RECORDS TO USE:

'''

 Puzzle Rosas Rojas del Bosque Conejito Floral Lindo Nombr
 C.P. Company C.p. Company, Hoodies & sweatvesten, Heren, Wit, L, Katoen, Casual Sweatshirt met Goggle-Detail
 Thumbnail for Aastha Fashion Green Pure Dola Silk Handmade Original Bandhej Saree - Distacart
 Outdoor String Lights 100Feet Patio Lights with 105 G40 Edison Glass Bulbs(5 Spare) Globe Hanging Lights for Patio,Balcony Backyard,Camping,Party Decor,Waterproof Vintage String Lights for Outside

'''
'''

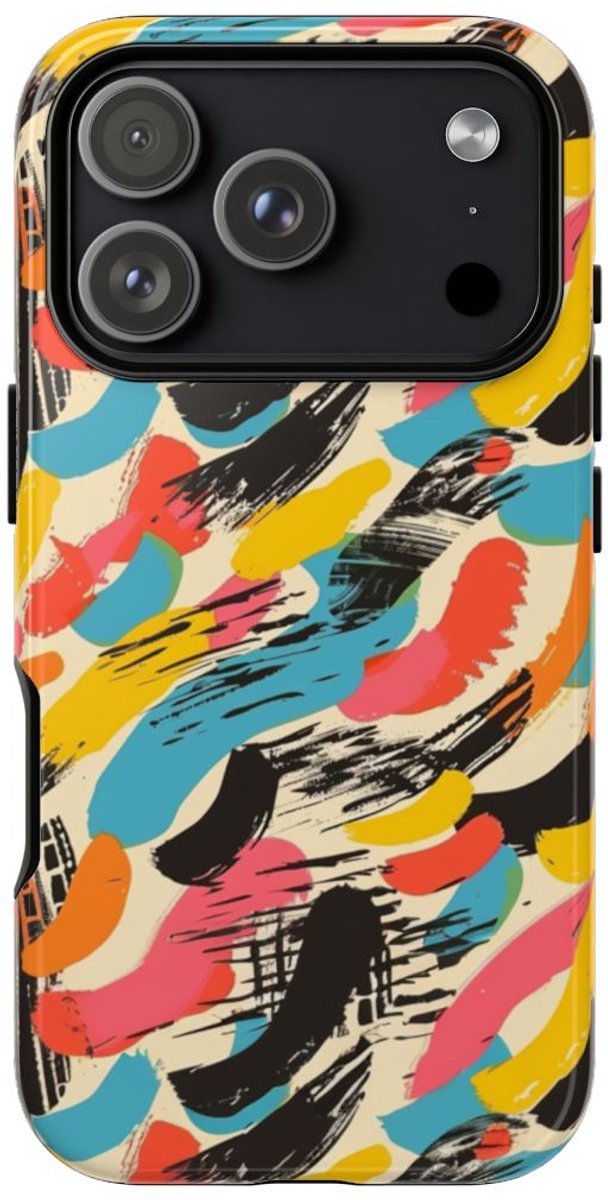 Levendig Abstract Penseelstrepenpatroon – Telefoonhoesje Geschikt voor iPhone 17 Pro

'''
'''

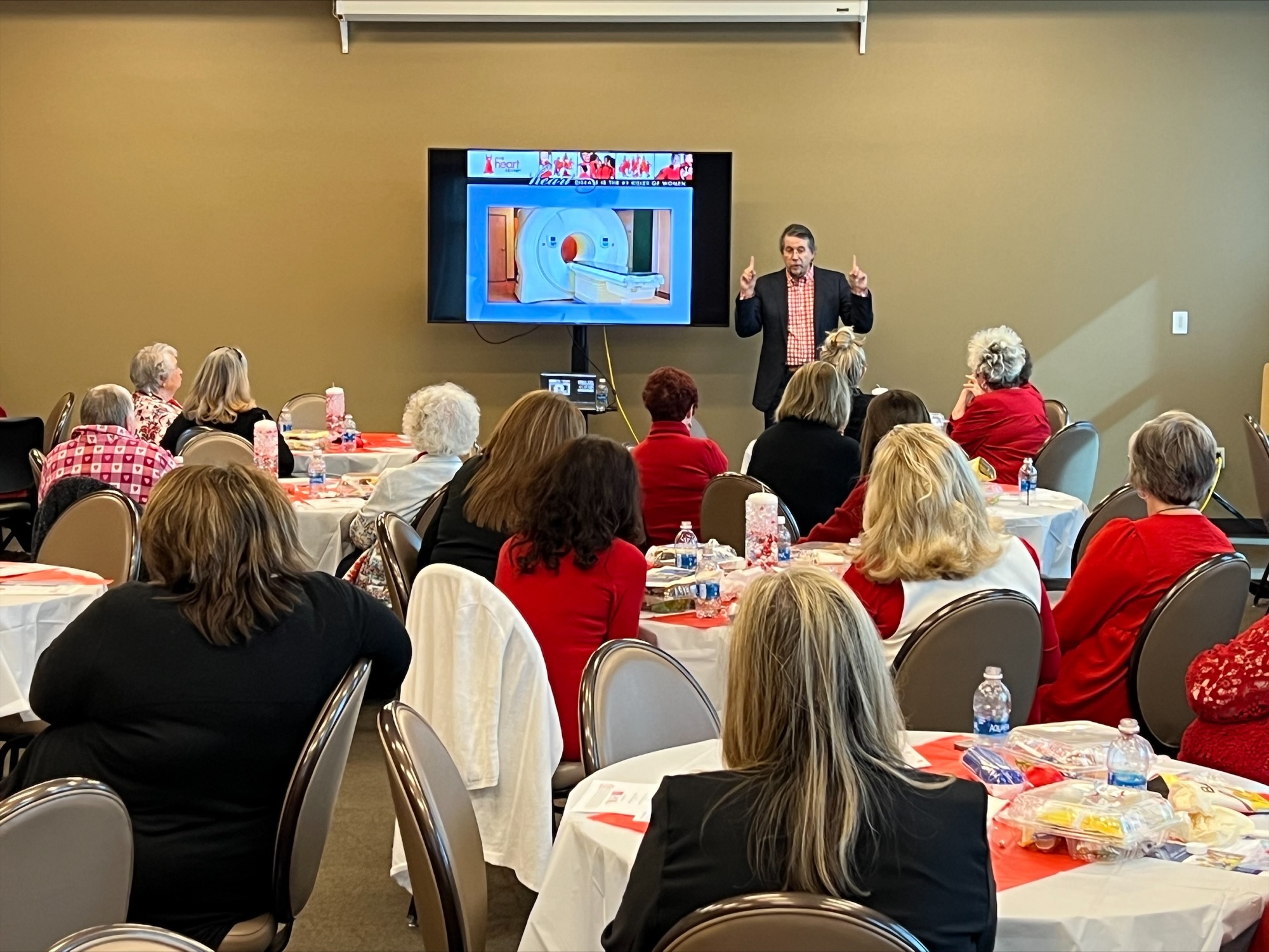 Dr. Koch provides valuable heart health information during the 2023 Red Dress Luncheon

'''

PROMPT: The response should be the listing above, limited to the lines between the one holding "C.P. Company C.p." and the one holding "Outdoor String Lights", inclusive, reproduced exactly.

TASK ANSWER:
 C.P. Company C.p. Company, Hoodies & sweatvesten, Heren, Wit, L, Katoen, Casual Sweatshirt met Goggle-Detail
 Thumbnail for Aastha Fashion Green Pure Dola Silk Handmade Original Bandhej Saree - Distacart
 Outdoor String Lights 100Feet Patio Lights with 105 G40 Edison Glass Bulbs(5 Spare) Globe Hanging Lights for Patio,Balcony Backyard,Camping,Party Decor,Waterproof Vintage String Lights for Outside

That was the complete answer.